Blog
Keeping you up to date on the progress of the Named Person scheme and the NO2NP campaign.
Teacher pens heart-breaking letter to John Swinney about her ‘nearly impossible’ job… Why is he still trying to foist Named Person on schools?
Posted 6 years agoAn anonymous letter to Education Secretary John Swinney from an exasperated teacher has been doing the rounds online.
The viral letter raises ‘grave concerns’ about the state of the teaching profession, the workload placed on teachers and the desire of many to leave teaching. The letter begins:
Dear Mr Swinney,
I am a primary school teacher in a Scottish local authority and I am writing to you regarding my grave concerns about the way teaching in Scotland has become a nearly impossible job to do adequately, far less to the high standard expected of us. I want to highlight to you some of the issues that I know teachers (including myself) face on a daily basis, and why so many teachers currently want to leave our profession.
It continues:
We have a teaching crisis. This is fact. In all the local authorities that I have teacher friends in, we all talk about how impossible it is to get supply cover if a teacher is off sick. Many schools have vacant posts that cannot be filled.
And concludes:
…I am not sure of the extent to which you are aware of how bad things are. When you visit schools, people are most likely to tell you what you want to hear, through fear of repercussions. If you were able canvas teachers directly perhaps through an anonymous survey, then that would show you the real struggles that teachers are having. I sincerely hope that you take the content of this letter very seriously…Thank you for taking your time to read this letter, and I sincerely hope that it will make a difference.
Kind regards,
A Scottish teacher
Teachers are having a tough time of it just now. That fact is undeniable. And this makes it all the more baffling that the Government is seeking to add more pressure to over-burdened educationalists via named persons.

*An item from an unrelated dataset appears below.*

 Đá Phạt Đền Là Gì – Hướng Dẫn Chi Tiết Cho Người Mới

Mr Swinney seems determined to plough on with his embattled scheme despite an outcry from teachers that they can’t take any more!

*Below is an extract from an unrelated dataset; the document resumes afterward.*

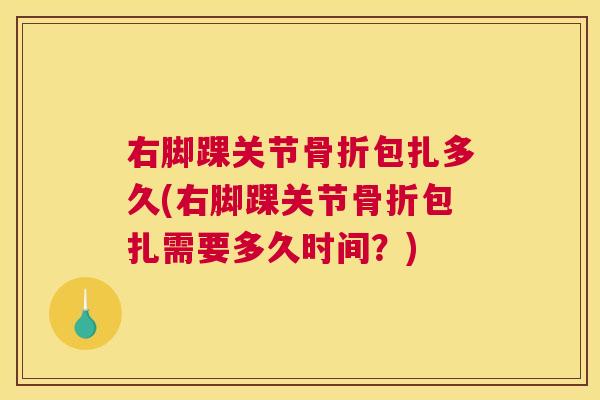 右脚踝关节骨折包扎多久(右脚踝关节骨折包扎需要多久时间？)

Worries about teachers’ workload and anxiety around Named Person liabilities were at the forefront of an Education and Skills Committee evidence session last year.
Headteacher and EIS member Lorraine McBride told MSPs that being a headteacher was already a “difficult, difficult job”, and said that adding the Named Person duties “makes everything that bit bigger”.
She told the committee that headteachers were worried about being liable if they got it wrong, admitting: “We worry ourselves sick every single day.”
Lisa Finnie of the Scottish Guidance Association, a body which helps teachers involved in the personal support of children and young people, said she felt like they were doing three jobs – teaching, work in the school and the 3am job at home.
Whatever your views on education policy, it is inexcusable that our teachers should have yet more pressure heaped on their heads.
There is a simple way to alleviate some of their burden. We’ve been calling for it from day one; scrap the Named Person scheme.